How to calculate a matrix-matrix derivative

137 Views Asked by At

I'm having trouble understanding how to differentiate a matrix-matrix multiplication, and was wondering if anyone had a good textbooks and/or examples that could help me learn the details of this technique.

The function at hand is, $$ Y = AX + C $$

where X is a matrix of size (B,N), A is a matrix of size (N,H), C is a matrix of size (B,H), and Y is a matrix of size (B,H). Where, B, N, and H are scalar values to indicate the size of these matrices. I was using the website http://www.matrixcalculus.org/ to calculate the answer, although this doesn't help me understand the underlying principles behind it, and secondly it's not entirely clear to me as a beginner.

For example, the website states, $$ \displaystyle{\frac{\partial Y}{\partial A} \left( A\cdot X+C \right) = X^\top \otimes \mathbb{I}}$$ and, $$ \displaystyle{\frac{\partial Y}{\partial C} \left( A\cdot X+C \right) = \mathbb{I}\otimes \mathbb{I}} $$

Also, given that it states the identity matrix $\mathbb{I}$ however, the dimensions of it aren't clear to me if it has a size of (N,N) or (H,H)?

So, for $\frac{\partial Y}{\partial A}$ would be of size (N,B) $\otimes \ \mathbb{I}$?

Ideally, I want to be able to calculate these values and understand how it's done!
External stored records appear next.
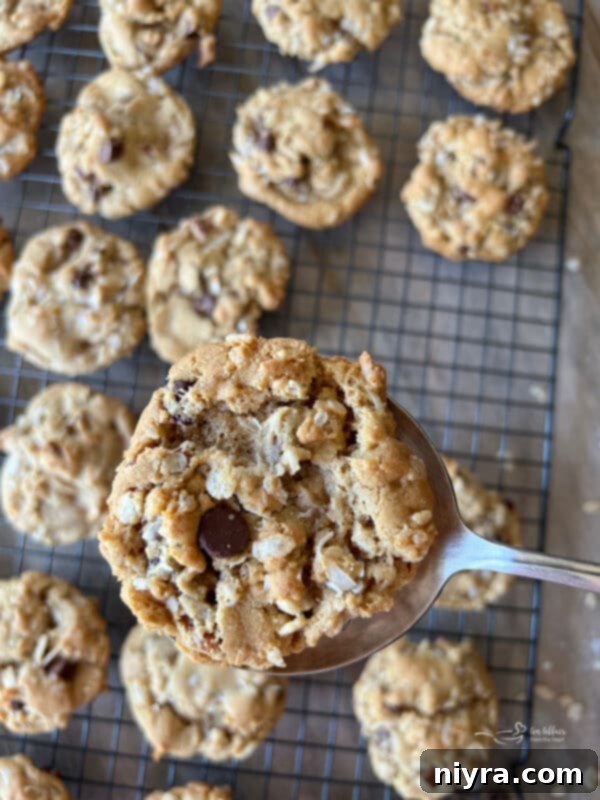 A second close-up image of stacked Cowboy Cookies, highlighting the golden-brown edges and abundance of mix-ins.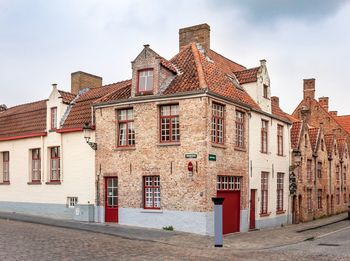 Footpath by buildings in city against sky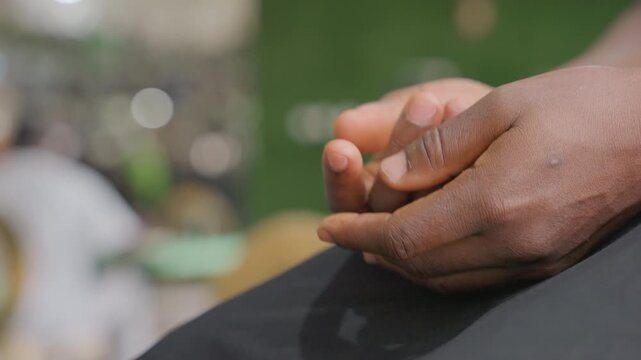 Closeup hands entwining on lap, fingertip caress with striped sleeve, slow palm clasp and reassuring squeeze, shallow depth bokeh background, intimate tension easing into mutual trust and emotional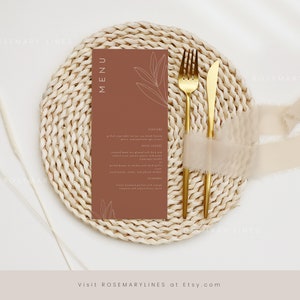 May include: A brown menu card with a simple line drawing of leaves on a white background. The card is on a woven placemat with a gold fork and knife.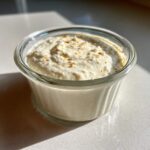 A small glass bowl filled with creamy horseradish sauce, garnished with a sprinkle of orange zest or spice.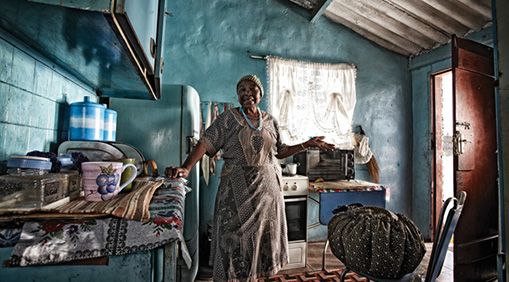 A Soweto, South Africa, customer of Wonderbag, a heat-retention device that continues to cook food after it's removed from the stove, saving users water, fuel, and time. 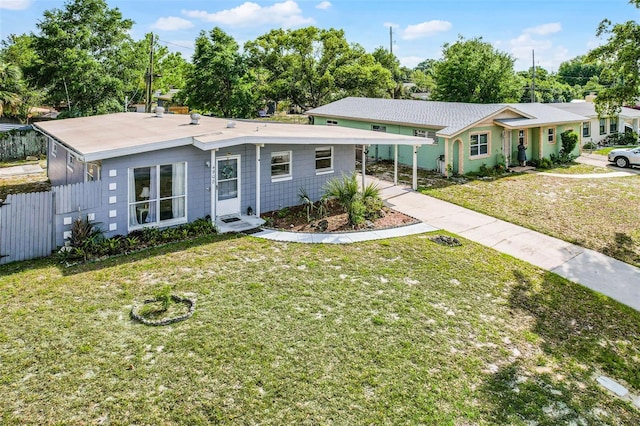 ranch-style house featuring concrete driveway, fence, a front lawn, and an attached carport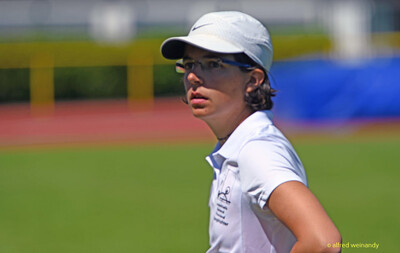 Eine Person mit Cap und Brille blickt zur Seite auf dem Sportgelände bei der Regionsmeisterschaft der Region Trier in Konz.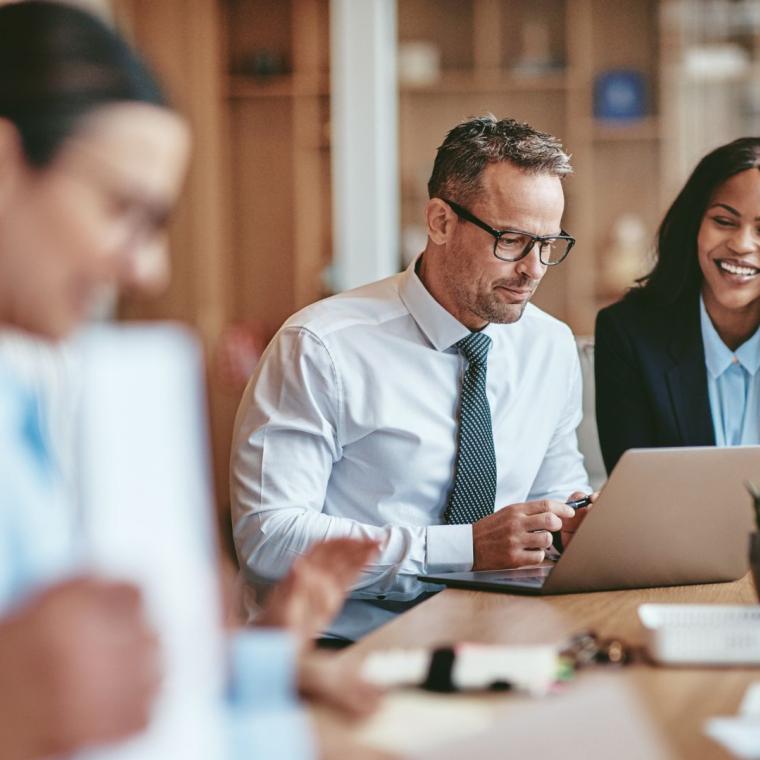 Two smiling diverse businesspeople using a laptop together at work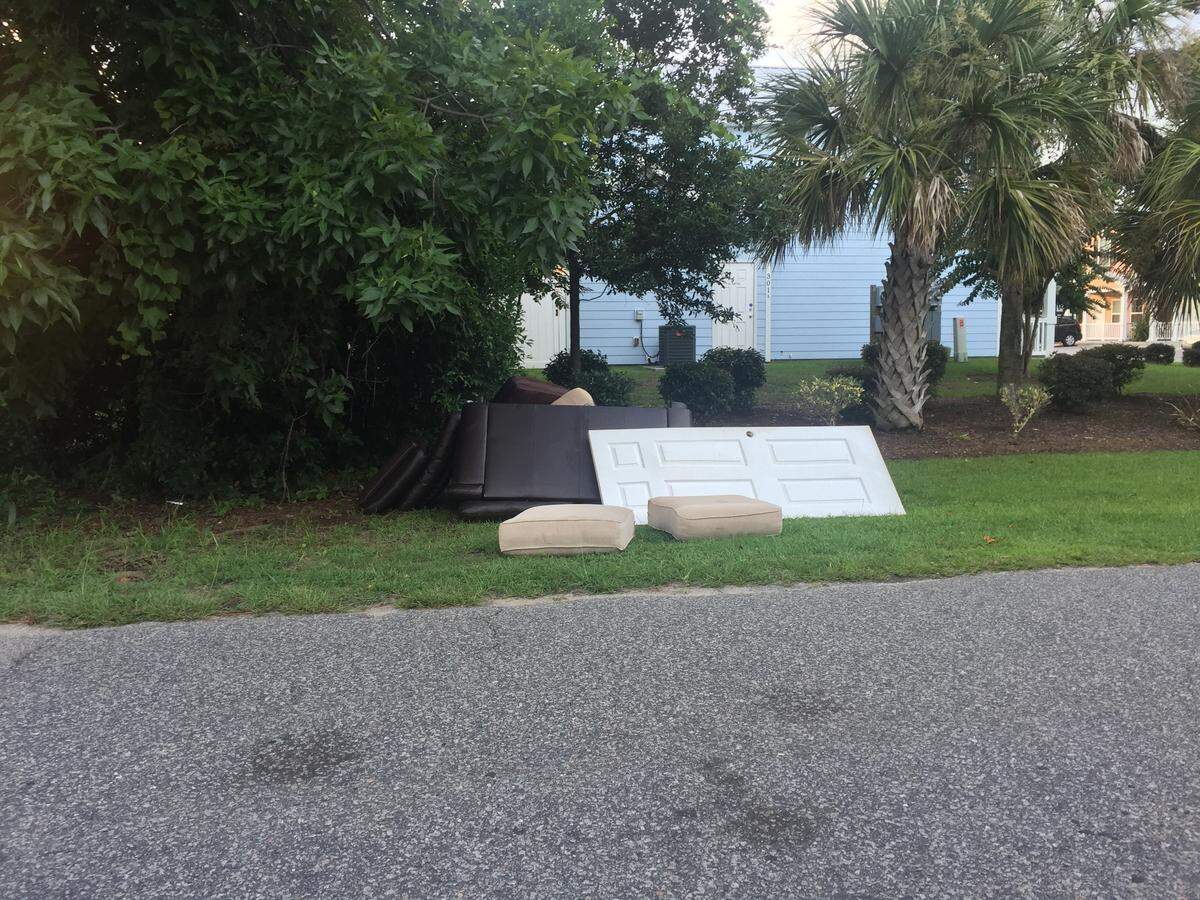 A door sits on top of a pile on garbage on Yaupon Drive between 20th Avenue South and 19th Avenue South.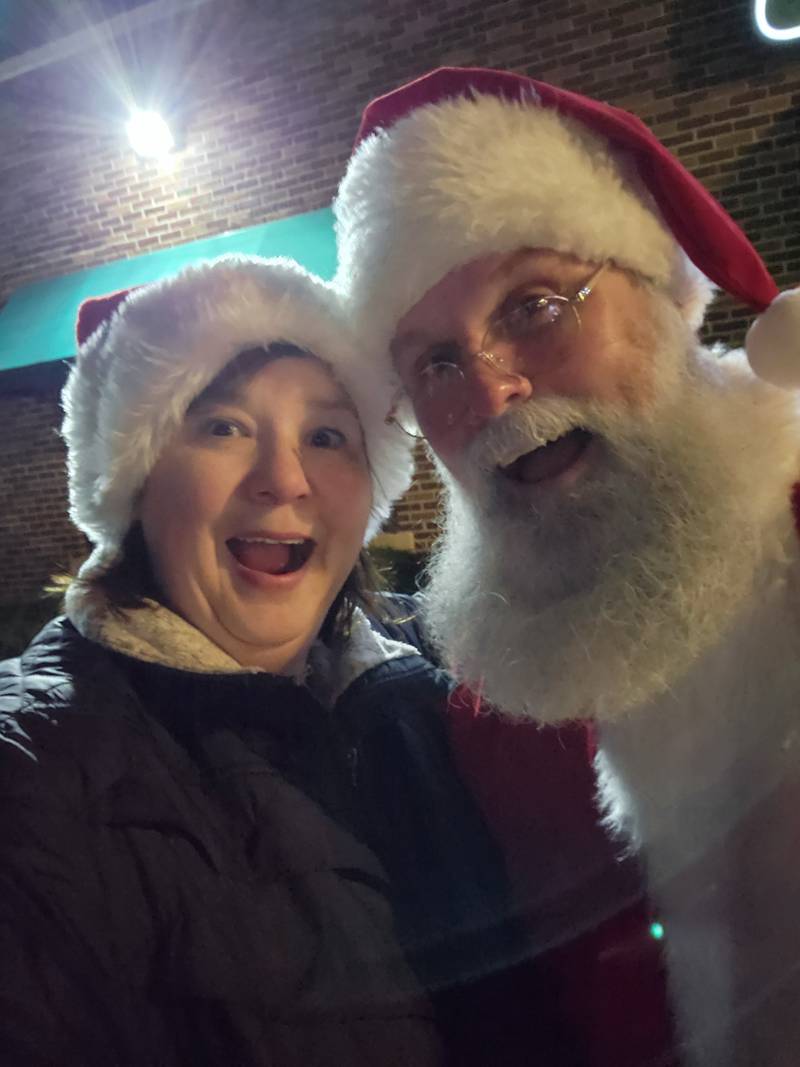Genoa Area Chamber of Commerce executive director Krissy Johnson poses with Santa at the chamber's annual Celebrate the Season and Jingle Bell parade. The event returns Dec. 5, 2025.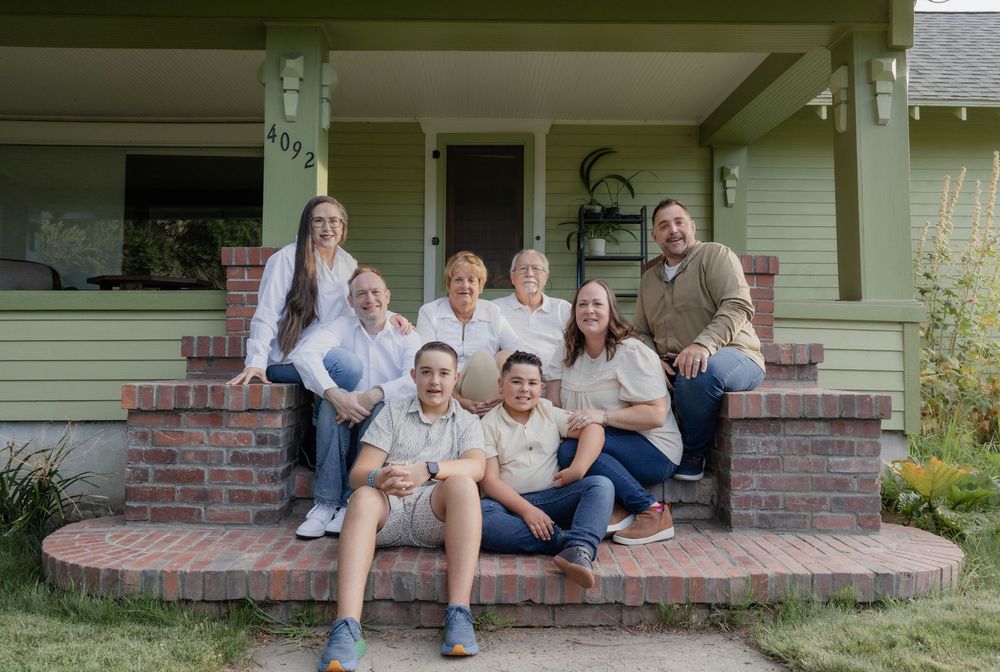 Family members relaxing and posing casually on front porch steps of a house.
Apologises for the poor wording of this question!

Thank you in advance!

1

There are 1 best solutions below

2
On BEST ANSWER

The first thing you need to learn is how to vectorize a matrix equation using the Kronecker product $$\eqalign{ \operatorname{vec}(AXB) &= (B^T\otimes A)\operatorname{vec}(X) \\ }$$ Applying this to your example equation yields $$\eqalign{ \operatorname{vec}(Y) &= (X^T\otimes I)\operatorname{vec}(A) + (I^T\otimes I)\operatorname{vec}(C) \\ y &= (X^T\otimes I)\,a + (I\otimes I)\,c \\ }$$ Now your calculations can be performed on ordinary matrix-vector equations, i.e. $$\eqalign{ \frac{\partial y}{\partial a} &= (X^T\otimes I) \\ \frac{\partial y}{\partial c} &= (I\otimes I) \\ }$$ The standard text for this is "Matrix Differential Calculus" by Magnus & Neudecker.